HandNeRF: Learning to Reconstruct Hand-Object Interaction Scene from a Single RGB Image

Introduction

This repository is Pytorch implementation of the preprint HandNeRF: Learning to Reconstruct Hand-Object Interaction Scene from a Single RGB Image (ICRA 2024). Please refer to our HOMEPAGE for more detail.

Given a single RGB image of a hand-object interaction scene, HandNeRF predicts the hand and object’s density, color, and semantics, which can be converted to reconstruction of 3D hand and object meshes and rendered to novel view images (RGB, depth, and semantic segmentation). HandNeRF learns the correlation between hand and object geometry from different types of hand-object interactions, supervised by sparse view images. HandNeRF is tested on a novel scene with an unseen hand-object interaction. We further demonstrated that object reconstruction from HandNeRF ensures more accurate execution of downstream tasks, such as grasping and motion planning for robotic hand-over and manipulation.

Why do we use weak-supervision from sparse-view 2D images?
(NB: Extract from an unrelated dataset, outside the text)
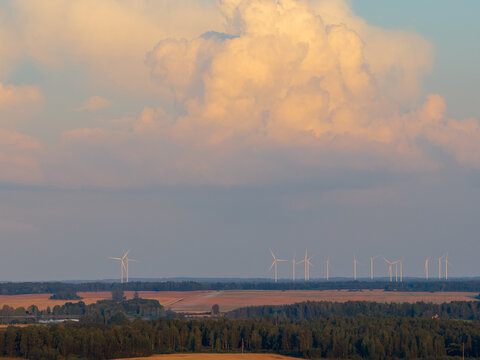 Aerial view of wind turbines standing across a rural landscape with agricultural fields and forests under massive cumulus clouds at sunset Taujenai, Vilnius County, Lithuania.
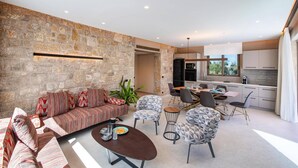 Una sala de estar moderna con una pared de piedra, un sofá, una mesa de centro y un comedor con sillas y una mesa.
Acquiring precise 3D object annotations from hand-object interaction scenes is challenging and labor-intensive, not to mention creating 3D CAD models for each object. Also, since the 3D ground truth itself contains sufficient information about hand-object interactions, it can readily supervise models regarding interaction priors, such as using contact information. Instead, we compare models utilizing weak-supervision from easily-obtained, cost-effective sparse-view images rather than 3D ground truth, to assess the efficacy of different approaches for encoding hand-object interaction correlations.

Installation

Clone this repository with the HandOccNet submodule by git clone --recurse-submodules https://github.com/SamsungLabs/HandNeRF.git. Or clone this repo and do git submodule update --init --recursive.
We recommend you to use an Anaconda virtual environment.
Install Python >= 3.7.16 and Pytorch >= 1.10.0. We used torch==1.10.0+cu111 torchvision==0.11.0+cu111 torchaudio==0.10.0 -f https://download.pytorch.org/whl/torch_stable.html in Ubuntu 20.04.
Run pip install -r requirements.txt
Download MANO_LEFT.pkl and MANO_RIGHT.pkl from here (Download -> Models & Code) and place under the tool/manopth/mano/models.

Pipeline

Quick demo

Download HandOccNet and HandNeRF model checkpoints from here and place under the demo folder.
HandOccNet's hand estimation and the predicted hand's global location from the fitting process is used for HandNeRF's input.
This HandNeRF's demo code runs the segmentation internally.
Go to the demo folder and Run python3 demo.py
You will find outputs in the demo/output folder.

Dataset preparation

Please refer to here.

Running

We provide yaml config files to run HandNeRF, but you could also directly edit ${ROOT}/main/config.py.

Training

You can train HandNeRF as well as baselines.

Ablation

Below are the models that we ablated in Table 1 in our paper.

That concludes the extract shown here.